Transformasi Sektor Kelautan Nasional
Kerja sama dengan Inggris dalam pembangunan kapal nelayan juga mencakup aspek keberlanjutan. Inggris dikenal memiliki standar tinggi dalam hal pengurangan emisi karbon pada mesin kapal. Adopsi teknologi ini akan membuat armada nelayan Indonesia lebih efisien dan ramah lingkungan.
Hal ini sejalan dengan komitmen Indonesia dalam mengurangi emisi karbon global. Sektor kelautan menjadi salah satu fokus dalam transisi energi hijau, terutama dalam penggunaan bahan bakar alternatif untuk alat tangkap ikan.
Kesiapan Pelaksanaan di Lapangan
Meskipun banyak kesepakatan yang terjalin, tantangan terbesar ada pada pelaksanaannya di lapangan. Pemerintah perlu memastikan bahwa regulasi yang mendukung investasi ini cepat dan tidak berbelit-belit. Peran Kementerian Investasi/BKPM sangat krusial dalam memfasilitasi realisasi dana tersebut.
Selain itu, koordinasi antara Kementerian Kelautan dan Perikanan dengan Kementerian Pendidikan, Kebudayaan, Riset, dan Teknologi harus solid. Sinergi ini penting agar target 1.582 kapal dan 10 kampus baru dapat terealisasi sesuai timeline yang telah ditetapkan.
Respons Positif Dunia Internasional
Kunjungan kerja Prabowo ke Inggris mendapat sorotan positif dari media internasional. Sebagai negara dengan populasi terbesar keempat di dunia, setiap langkah Indonesia dalam menarik investasi asing selalu menarik perhatian. Kredibilitas Prabowo sebagai pemimpin yang pro-bisnis semakin teruji.
Komunitas bisnis Inggris menyambut baik peluang investasi di Indonesia. Potensi pasar yang besar menjadi daya tarik utama. Ditambah dengan bonus demografi Indonesia, investasi di sektor pendidikan dan maritim dipandang sebagai strategi jangka panjang yang cerdas.
Kesimpulan: Diplomasi Ekonomi yang Agresif
Kunjungan kerja Presiden Prabowo Subianto ke Inggris sukses menghasilkan dampak signifikan bagi Indonesia. Dari investasi Rp 90 triliun, proyek 1.582 kapal nelayan, hingga rencana pembangunan 10 kampus baru, semuanya menunjukkan arah kebijakan yang jelas.

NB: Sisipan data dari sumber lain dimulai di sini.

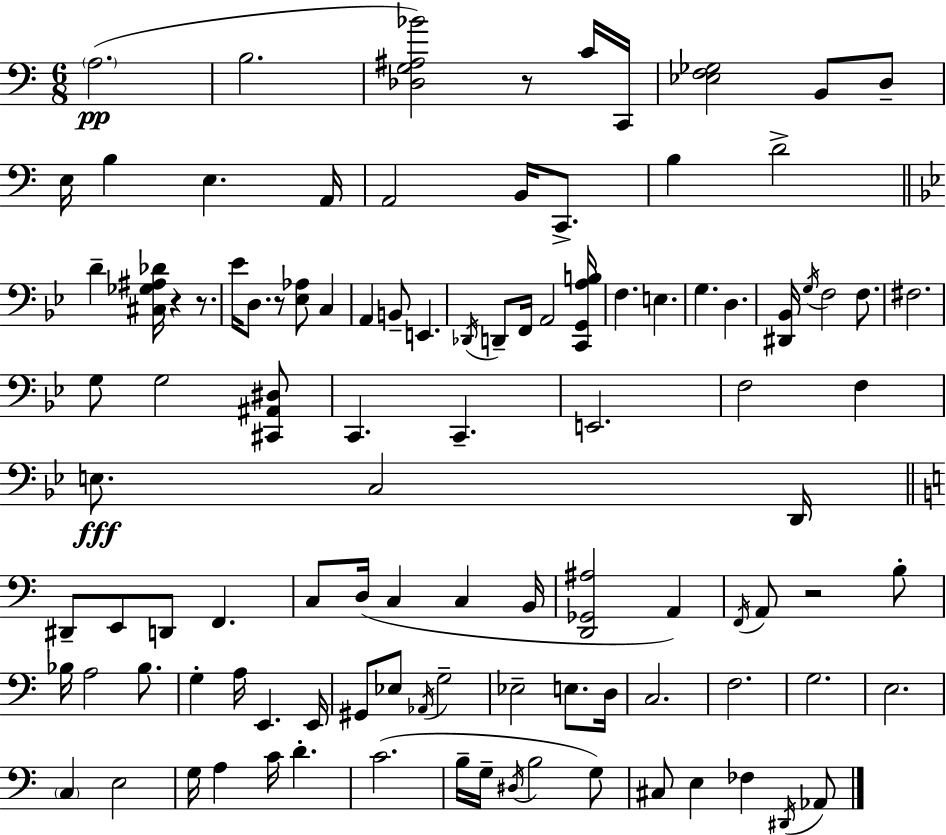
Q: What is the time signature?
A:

Diplomasi ekonomi yang dilakukan bukan hanya mengejar angka, tetapi juga membangun fondasi kuat untuk masa depan bangsa. Kemandirian sektor maritim dan peningkatan kualitas SDM melalui pendidikan tinggi adalah kunci utama membangun Indonesia yang berdaulat dan berdaya saing tinggi.
Dengan dukungan penuh dari pemerintah dan komitmen mitra strategis Inggris, proyek-proyek besar ini diharapkan segera berjalan dan memberikan manfaat maksimal bagi masyarakat Indonesia. Ini adalah bukti nyata bahwa Indonesia terbuka untuk kerja sama global yang saling menguntungkan.